"A Queer Dharma:
Yoga and Meditations for Liberation"
by Jacoby Ballard
Yoga teacher and social justice educator Jacoby Ballard provides an empowering and affirming guide to embodied healing through yoga and the dharma, grounded in the brilliance, resilience, and lived experiences of queer folks. Addressing the trauma perpetuated against queer communities – complex, vicarious, historical, and collective – Ballard explores the Brahma Viharas, or heart teachings, of both yoga and Buddhism through a queer lens informed by Black feminism and activism. With these teachings, Ballard crafts tools for working with anger, generating self-compassion, fostering lovingkindness, and grounding the nervous system. He also deconstructs the ways mainstream yoga perpetuates systemic oppression, exploring the intersections of yoga, capitalism, cultural appropriation, and sexual violence while offering a visionary path forward.

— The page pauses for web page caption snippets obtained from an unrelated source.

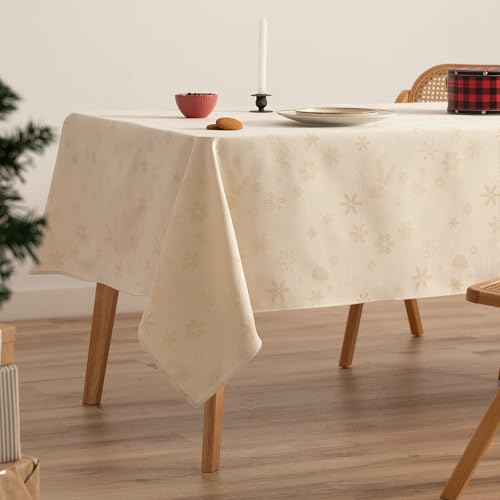 GAMUSI Tischdecke für Weihnachten, Jacquard, Goldgarn, Esstisch, rechteckig, Weihnachtsdekoration, 140 x 240 cm, naturfarben von GAMUSI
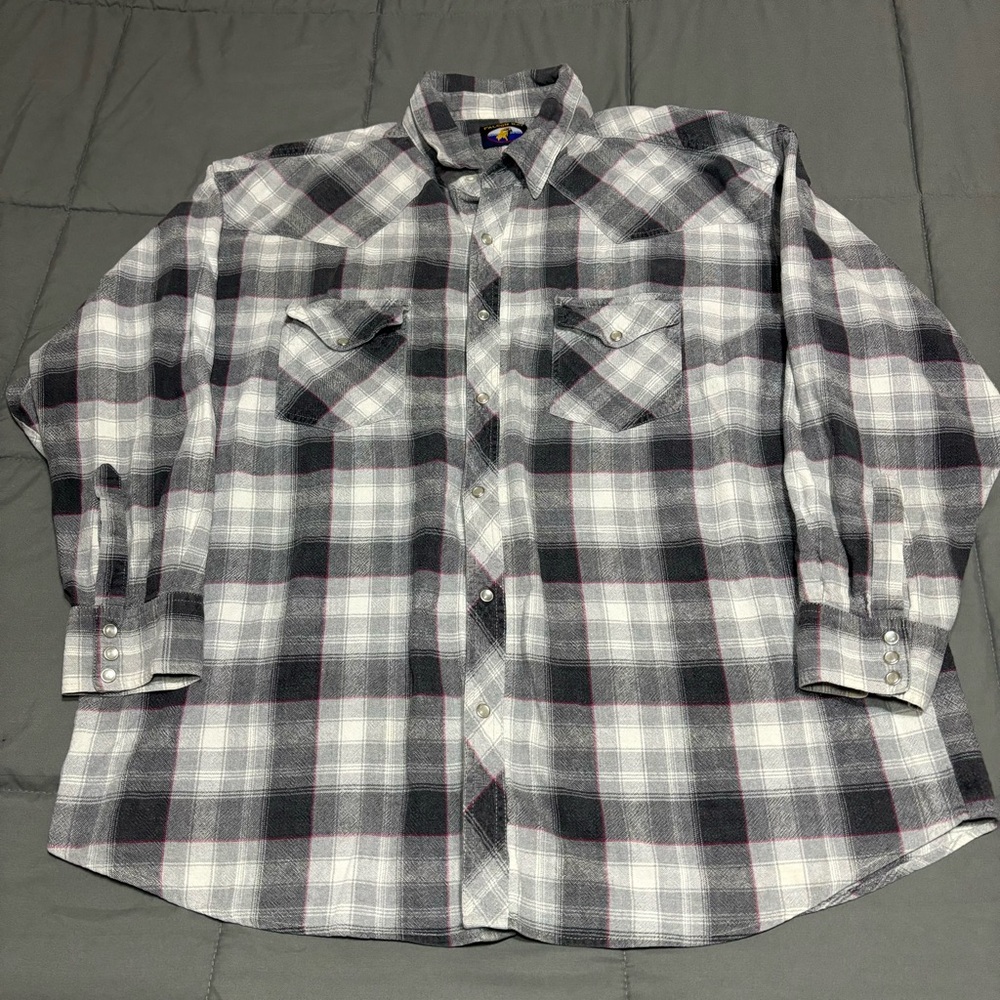 Falcon Bay flannel style plaid 2xl 100% cotton pearl snap button up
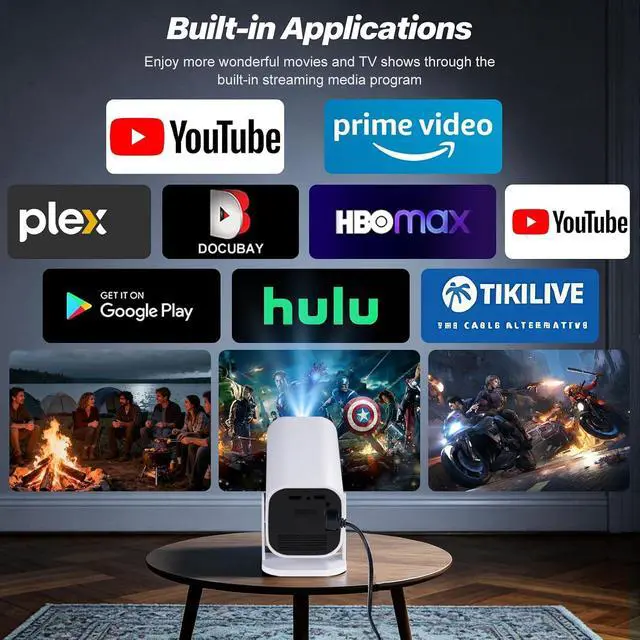 Alt view image 3 of 7 - Auto Focus and Preloaded Appsprojector with wifi and Bluetooth,mini projector for iphone, ideal for bedroom or outdoor use, projector supporting HDMI, TV stick, memory card, and laptop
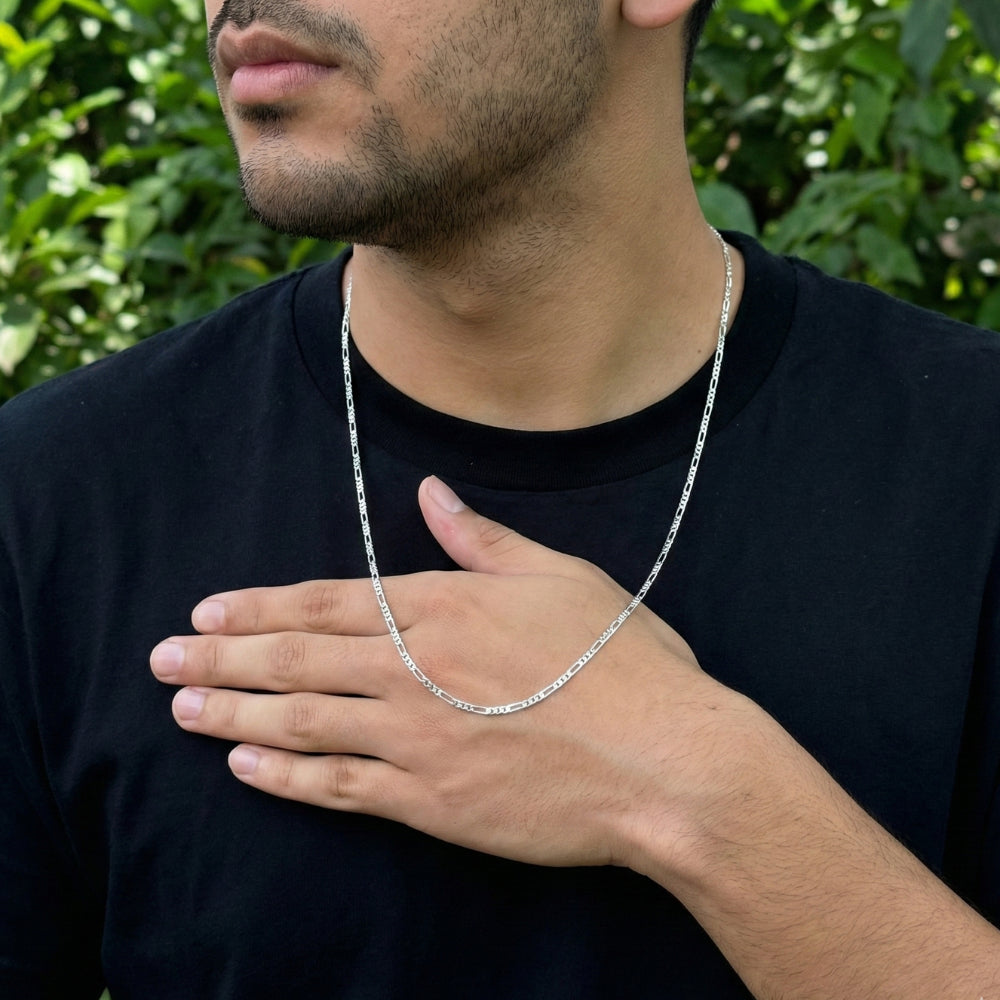 Corrente Masculina de Prata 925 3 por 1 Fígaro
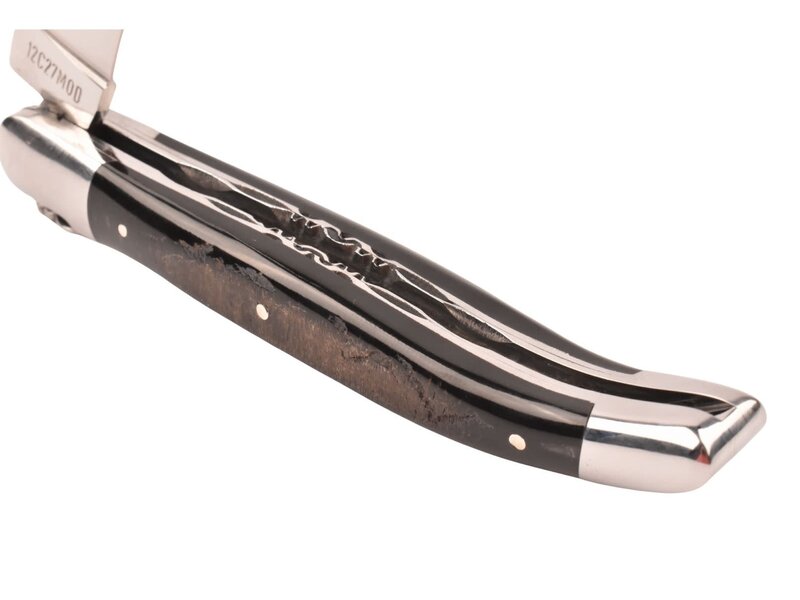 Laguiole en Aubrac 12cm croute de buffle - double platines - glanzend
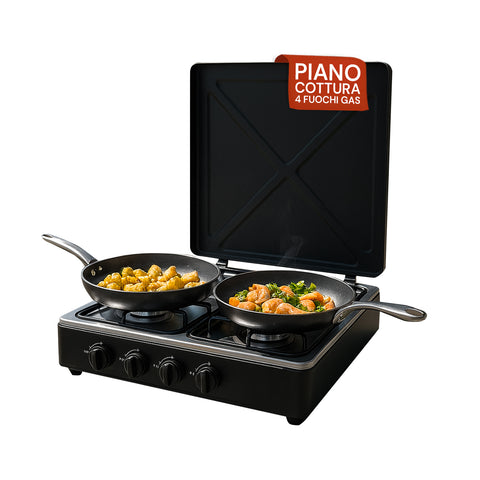 Cozinha de Exterior com Fogão a Gás de 4 Bicos de Alta Eficiência e Fácil Utilização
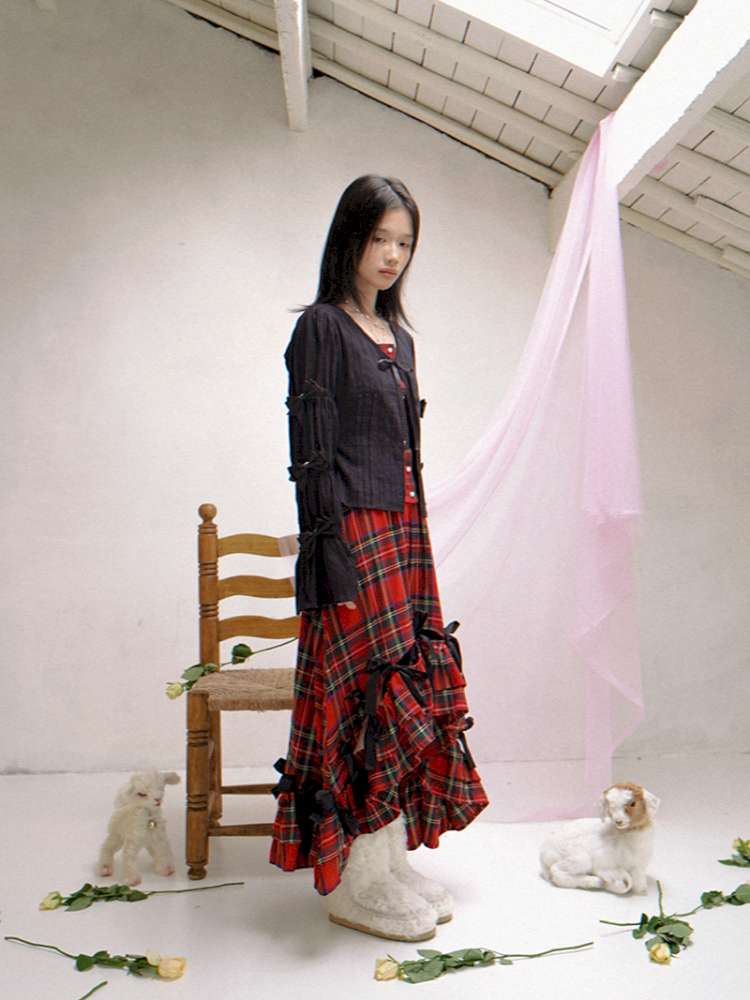 Patchwork Print Fitted Long-Sleeve Shirt【s0000014523】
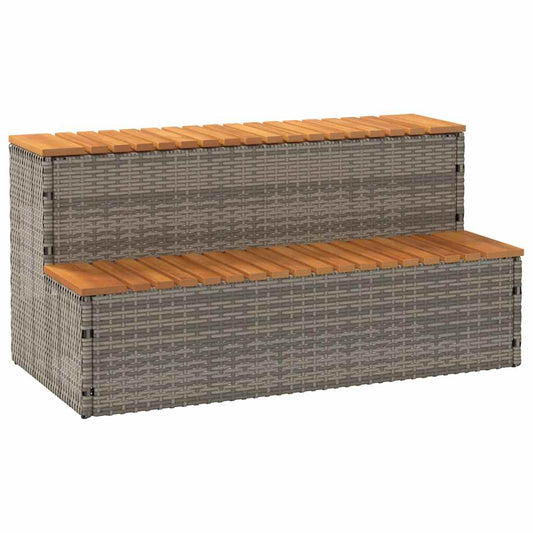 VidaXL Marche bain remous gris 100x50x50,5 cm polyrotin acacia massif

With stories from Ballad's personal practice and professional experience teaching yoga through their weekly Queer and Trans Yoga class, in schools and prisons and at conferences, A Queer Dharma is a guidebook, reclamation, and unapologetically queer heart offering for true healing and transformation.
Book Club Details
This group will meet VIRTUALLY once a week in September, every Monday at 7:00 - 8:30pm ET, as detailed below. Meetings will feature brief guided meditation practice in addition to group discussion on the book. During our fourth and final session (Monday, September 26th), we will be joined by the author for a talk and Q&A.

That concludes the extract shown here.